[Stored data]
<<<<

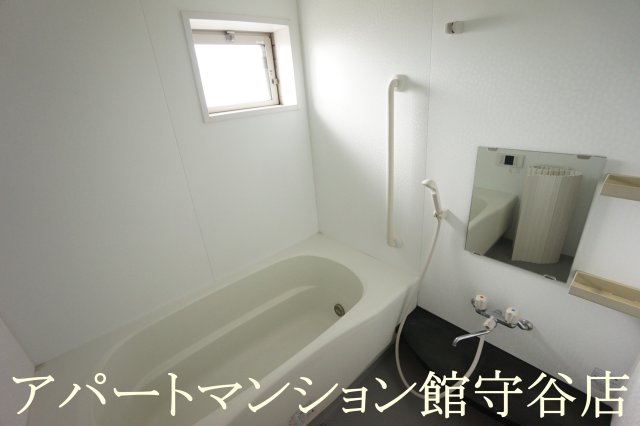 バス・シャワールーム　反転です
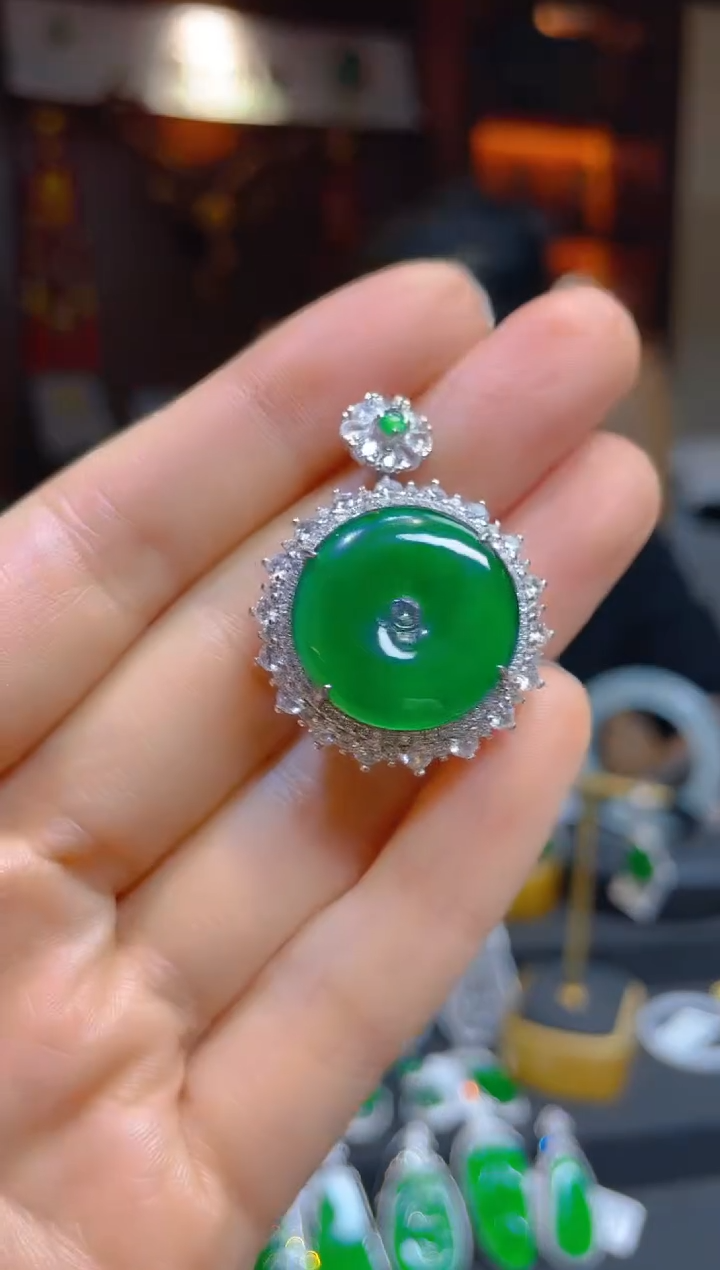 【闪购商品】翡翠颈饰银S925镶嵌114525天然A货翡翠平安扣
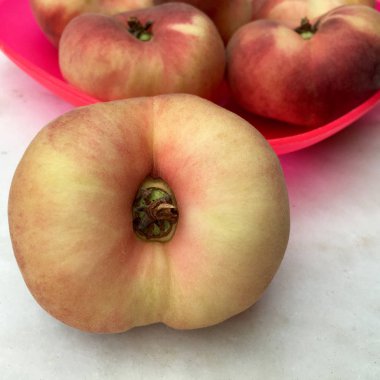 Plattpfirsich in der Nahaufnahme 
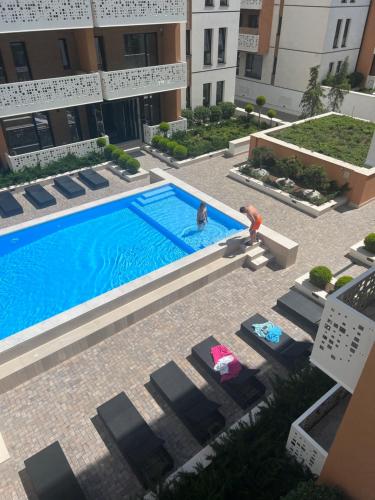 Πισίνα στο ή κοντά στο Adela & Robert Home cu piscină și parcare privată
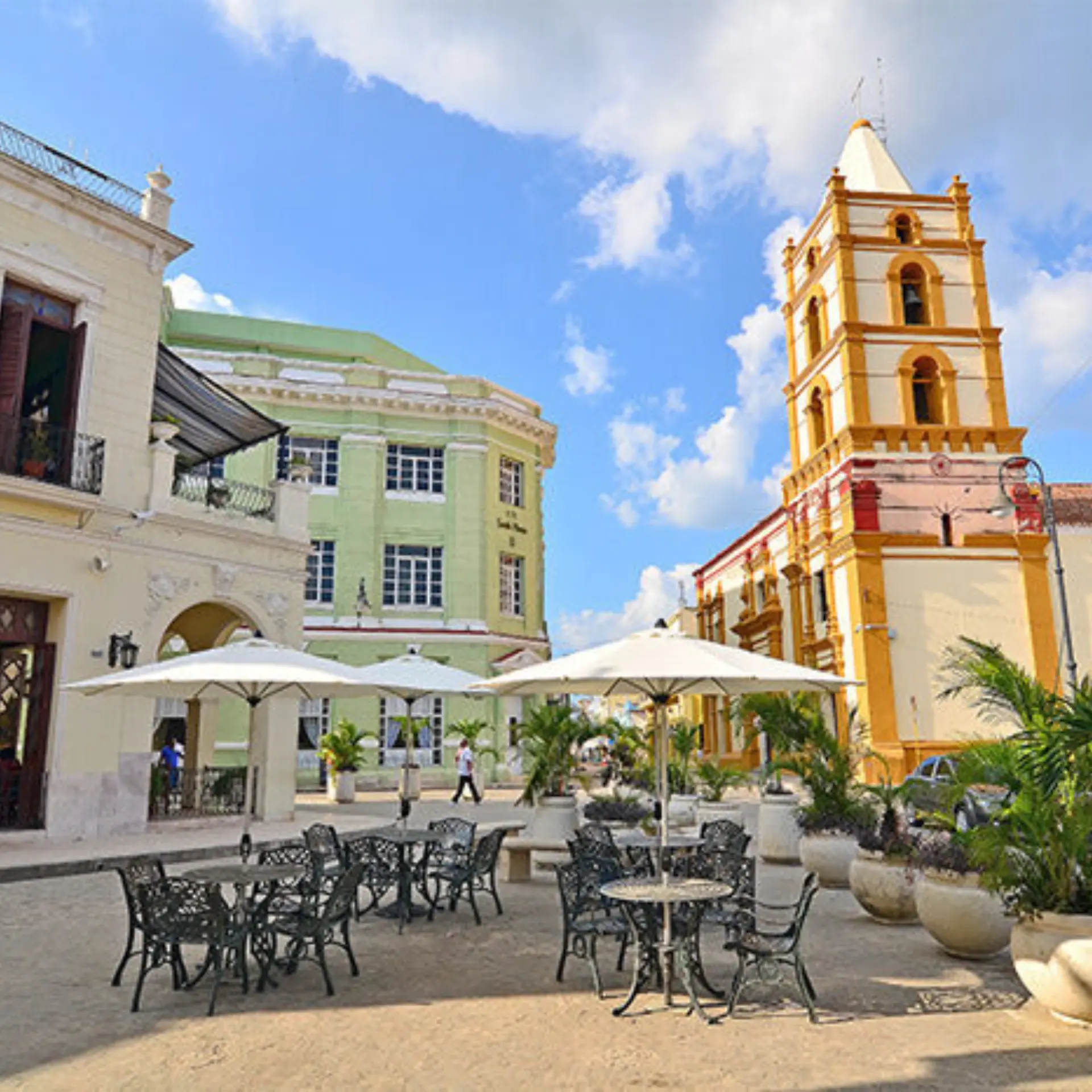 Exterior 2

>>>>

Set down exactly and only the lines from the line that contains "Plattpfirsich in der Nahaufnahme" through the last line of the entries above, with both of those lines included and the pictures left out.

 Plattpfirsich in der Nahaufnahme 
 Πισίνα στο ή κοντά στο Adela & Robert Home cu piscină și parcare privată
 Exterior 2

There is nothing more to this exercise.